Kemudian yang ketiga, sepakati dengan pasangan apa yang akan dilakukan setelah sah menjadi suami istri. Tidak salah kok kalau mengimpikan honeymoon ke tempat yang superdupermevvahbinromantisabis. Tapiiii.....sesuaikan dengan budget kita. Kalau memaksakan diri, buat apa? Lebih baik pergi ke atau melakukan hal-hal yang nyaman buat berdua. Tanpa kepikiran tagihan membengkak setelahnya.
Boleh saling berjanji dan mengingatkan dulu, kalau memang sudah punya budget yang memadai (tanpa memaksakan diri), bolehlah memanjakan diri ke tempat-tempat yang zuperrr.

Persiapan keempat dan juga cukup penting dan sensitif, yaitu kesepakatan mengenai biaya.

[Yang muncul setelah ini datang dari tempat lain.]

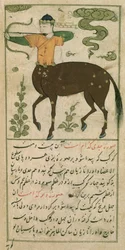 Costellazioni dello Zodiaco: Sagittario, l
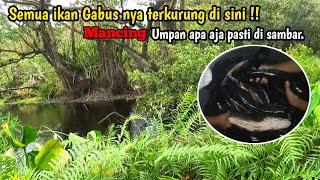 IKAN GABUS NYA PADA NGUMPUL DI SINI || TINGGAL PILIH MAU YANG KECIL APA YG BESAR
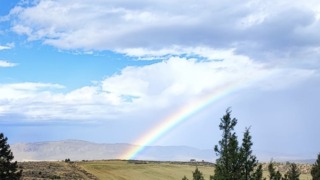 Thumbnail of post image 117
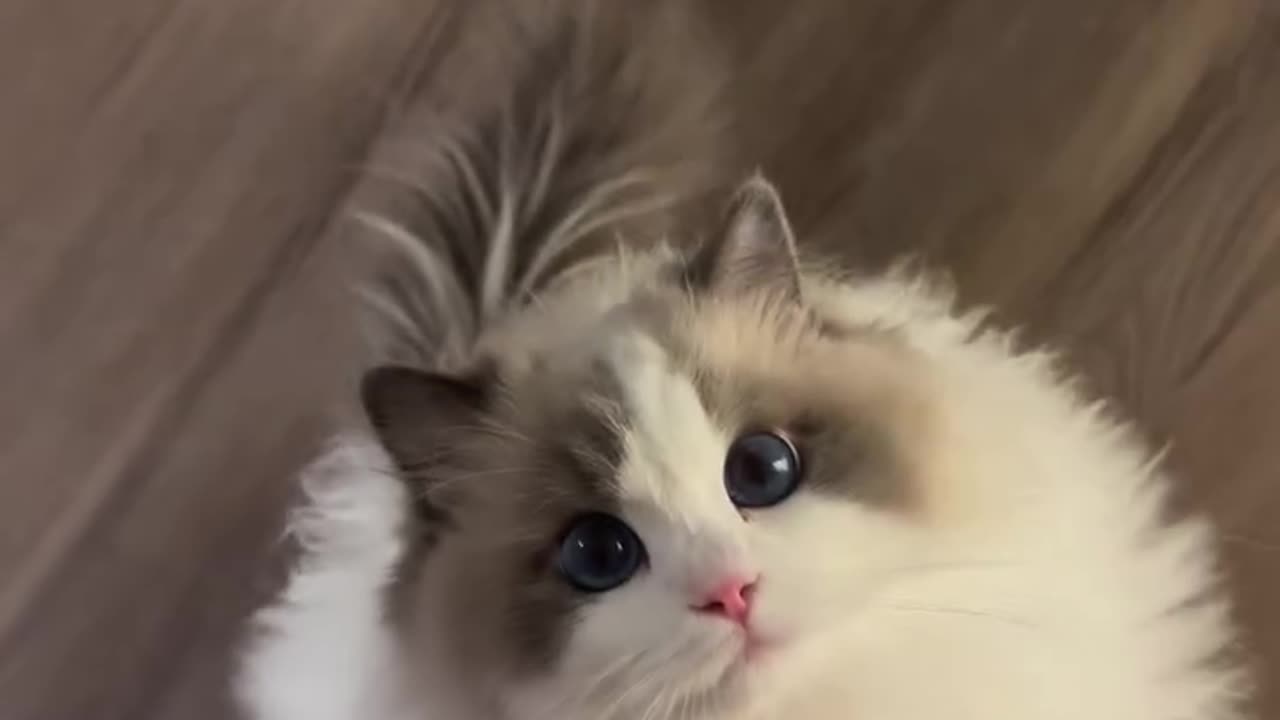 Most Beautiful Cat Ever – Absolutely Adorable! 😻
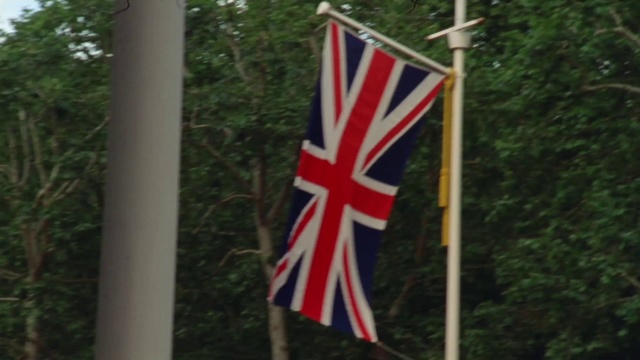 Video Reference: Flag, Pole, Tree, Flag of the united states, Sign, Plant, Signage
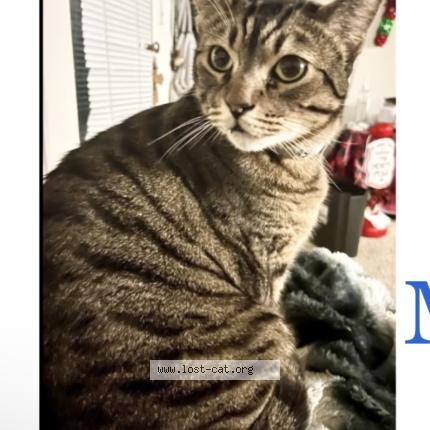 Photo 1/1 Maui Chat lost in San diego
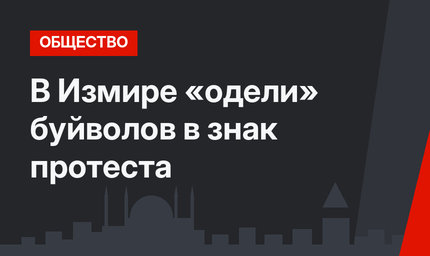 В Измире «одели» буйволов в знак протеста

Setelah kita sudah memahami kemampuan finansial kita dan pasangan, sebaiknya bisa dibicarakan dengan jujur sejujur-jujurnya antar kedua belah pihak. Pembagian biaya pun bisa banyak skemanya. Biasanya untuk yang kota asalnya berbeda, masing-masing mengadakan resepsi di kota asalnya, sehingga biaya mayoritas ditanggung masing-masing.
Namun untuk yang satu kota, akan lebih efektif jika menjadi 1 acara saja. Terkadang ada skema 50:50, atau sesuai tradisi Jawa, pihak perempuan mengeluarkan mayoritas biaya. Tapi kembali lagi, semua kembali kesepakatan.
Sebagai contoh, saya dan pasangan beserta keluarga menyepakati bahwa acara akad dan adat akan menjadi beban keluarga saya. Sedangkan resepsi menjadi beban keluarga pasangan. Dan kami semua happy dengan kesepakatan itu, karena apa? Karena kami semua JUJUR DI AWAL. ITU. PENTING. BANGET.

Begitulah persiapan sebelum persiapan pernikahan versi saya. Sebenarnya tentu akan ada banyak hal yang mengikuti hal-hal di atas, tapi kembali lagi ke pengalaman masing-masing. Paling tidak, 4 hal di atas adalah hal yang cukup krusial untuk dilakukan. Dan....apapun yang diceritakan orang di sekitar (terutama tentang mitos 'ujian sebelum menikah'), yakinlah bahwa segala persiapan pernikahan kita dan pasangan insyaAllah akan diberkahi kemudahan dan kelancaran, dijauhkan dari segala konflik. Aamiin!